◆ Task brief
All lines after the one containing "Colțar extensibil dumonde", together with that line itself, should be written out exactly, down to the last line of the entries below.

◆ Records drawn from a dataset
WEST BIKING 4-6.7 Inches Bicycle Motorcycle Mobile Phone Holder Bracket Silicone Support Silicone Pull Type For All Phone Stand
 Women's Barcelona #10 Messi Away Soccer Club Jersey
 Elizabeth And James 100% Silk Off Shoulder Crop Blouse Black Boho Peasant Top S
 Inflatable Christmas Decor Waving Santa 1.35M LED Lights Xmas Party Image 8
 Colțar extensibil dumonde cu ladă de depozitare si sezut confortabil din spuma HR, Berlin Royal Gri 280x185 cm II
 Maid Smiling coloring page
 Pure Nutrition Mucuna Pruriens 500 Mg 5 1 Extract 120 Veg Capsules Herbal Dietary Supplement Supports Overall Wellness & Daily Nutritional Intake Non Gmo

◆ Answer section
 Colțar extensibil dumonde cu ladă de depozitare si sezut confortabil din spuma HR, Berlin Royal Gri 280x185 cm II
 Maid Smiling coloring page
 Pure Nutrition Mucuna Pruriens 500 Mg 5 1 Extract 120 Veg Capsules Herbal Dietary Supplement Supports Overall Wellness & Daily Nutritional Intake Non Gmo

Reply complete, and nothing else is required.